Task objective: Verbatim repeat, images excluded. Give each entry again as written.

Records for processing:

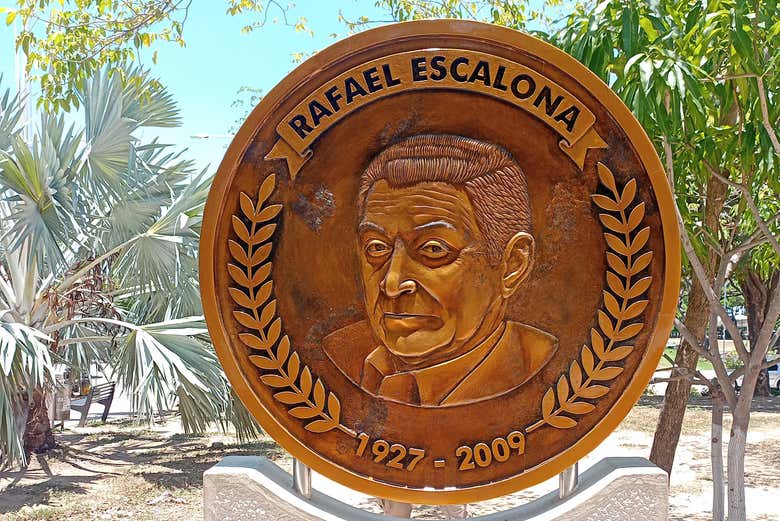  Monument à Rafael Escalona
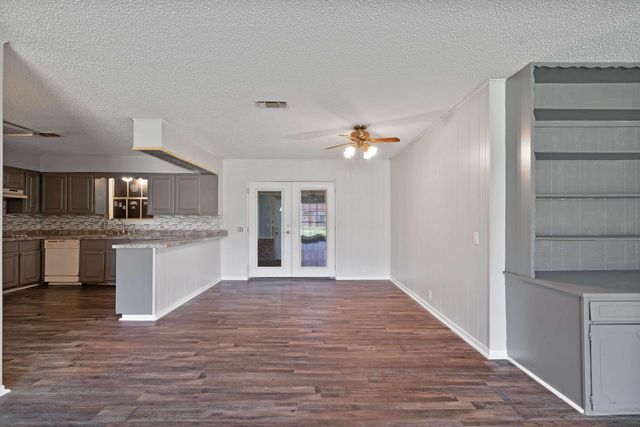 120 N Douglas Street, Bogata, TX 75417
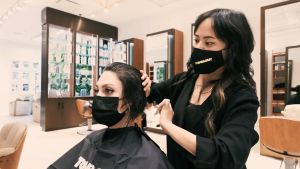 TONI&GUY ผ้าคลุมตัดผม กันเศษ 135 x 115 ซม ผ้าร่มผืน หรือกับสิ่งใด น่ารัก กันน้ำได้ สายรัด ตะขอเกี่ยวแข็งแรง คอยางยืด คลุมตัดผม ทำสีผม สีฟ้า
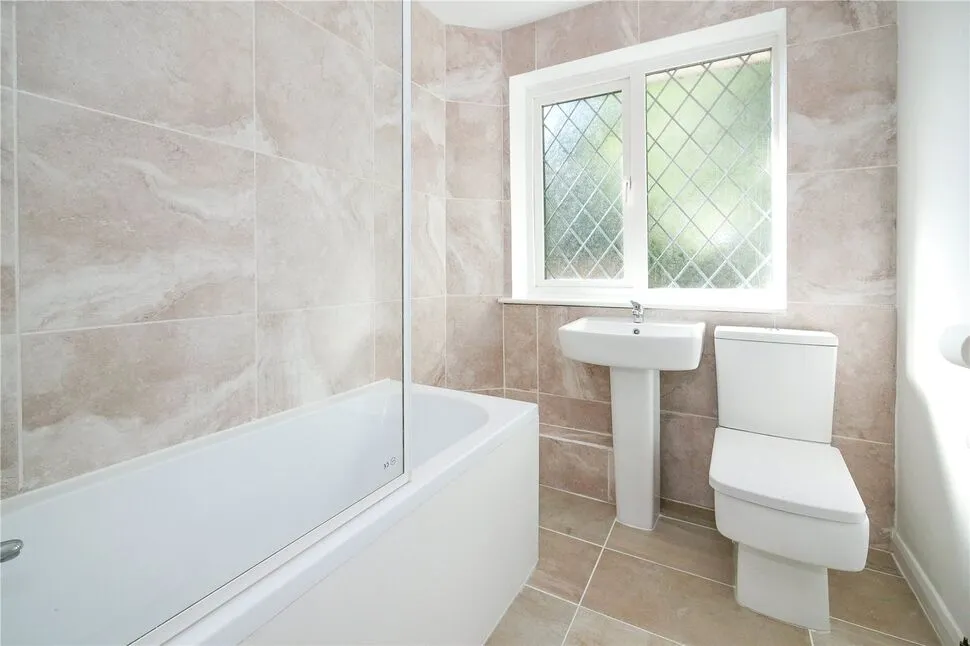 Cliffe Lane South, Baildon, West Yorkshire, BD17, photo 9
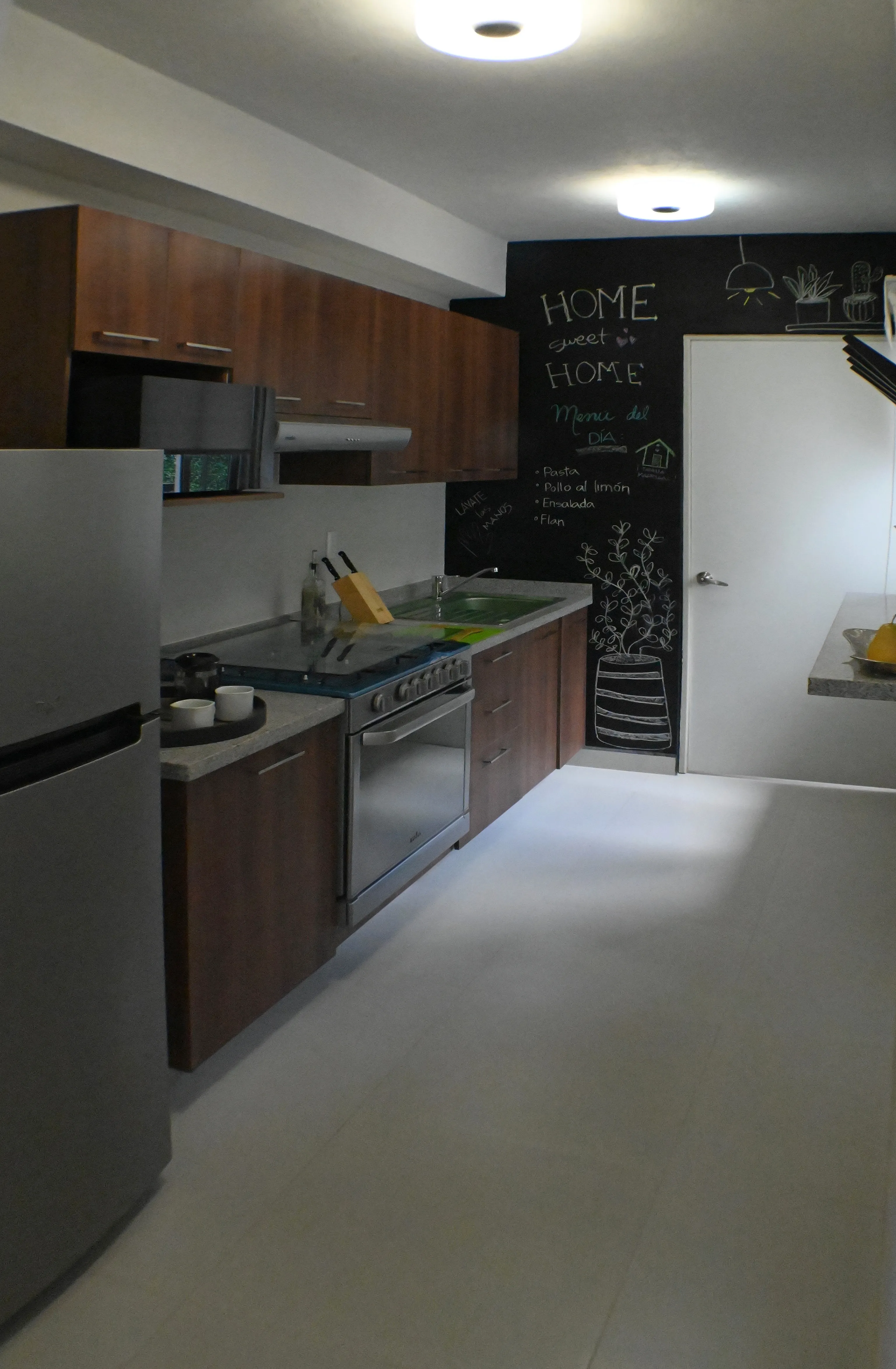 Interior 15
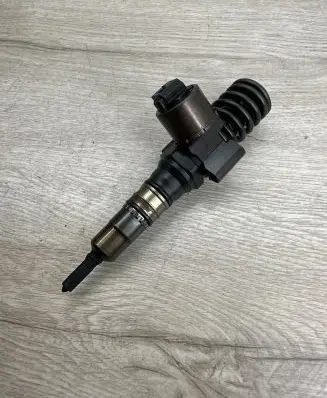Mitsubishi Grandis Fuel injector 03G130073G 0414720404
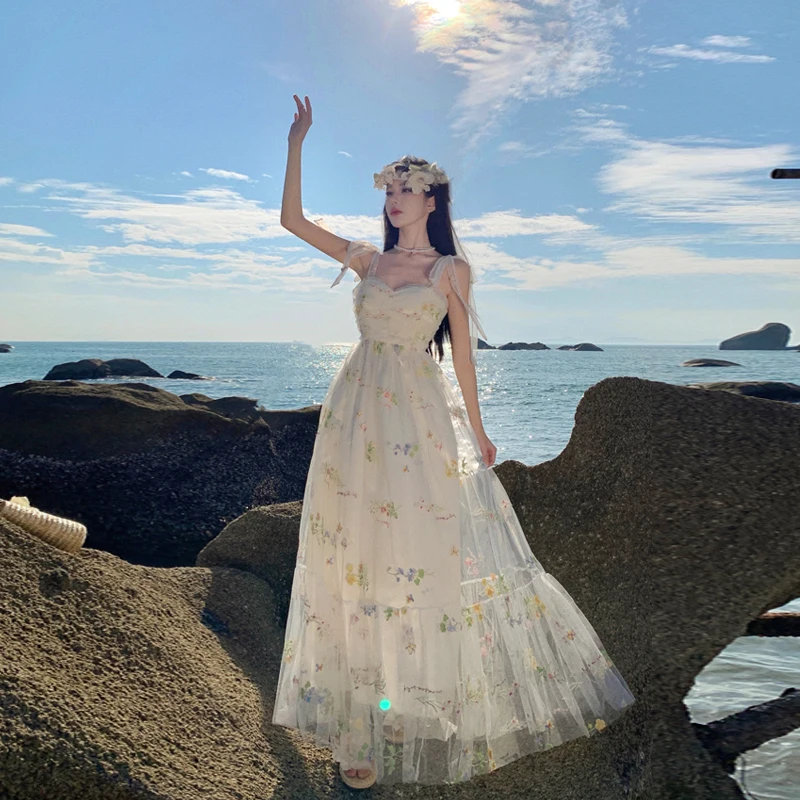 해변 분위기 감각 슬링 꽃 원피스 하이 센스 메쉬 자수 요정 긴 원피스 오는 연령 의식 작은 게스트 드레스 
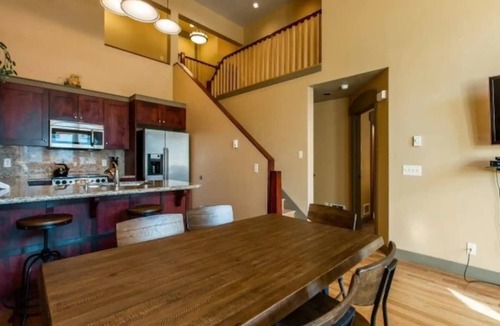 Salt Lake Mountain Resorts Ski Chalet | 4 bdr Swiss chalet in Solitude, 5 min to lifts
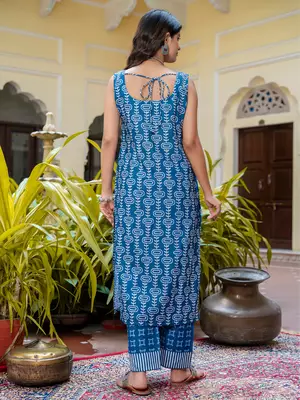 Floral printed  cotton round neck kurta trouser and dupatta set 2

Solution to the problem:
  Monument à Rafael Escalona
 120 N Douglas Street, Bogata, TX 75417
 TONI&GUY ผ้าคลุมตัดผม กันเศษ 135 x 115 ซม ผ้าร่มผืน หรือกับสิ่งใด น่ารัก กันน้ำได้ สายรัด ตะขอเกี่ยวแข็งแรง คอยางยืด คลุมตัดผม ทำสีผม สีฟ้า
 Cliffe Lane South, Baildon, West Yorkshire, BD17, photo 9
 Interior 15
Mitsubishi Grandis Fuel injector 03G130073G 0414720404
 해변 분위기 감각 슬링 꽃 원피스 하이 센스 메쉬 자수 요정 긴 원피스 오는 연령 의식 작은 게스트 드레스 
 Salt Lake Mountain Resorts Ski Chalet | 4 bdr Swiss chalet in Solitude, 5 min to lifts
 Floral printed  cotton round neck kurta trouser and dupatta set 2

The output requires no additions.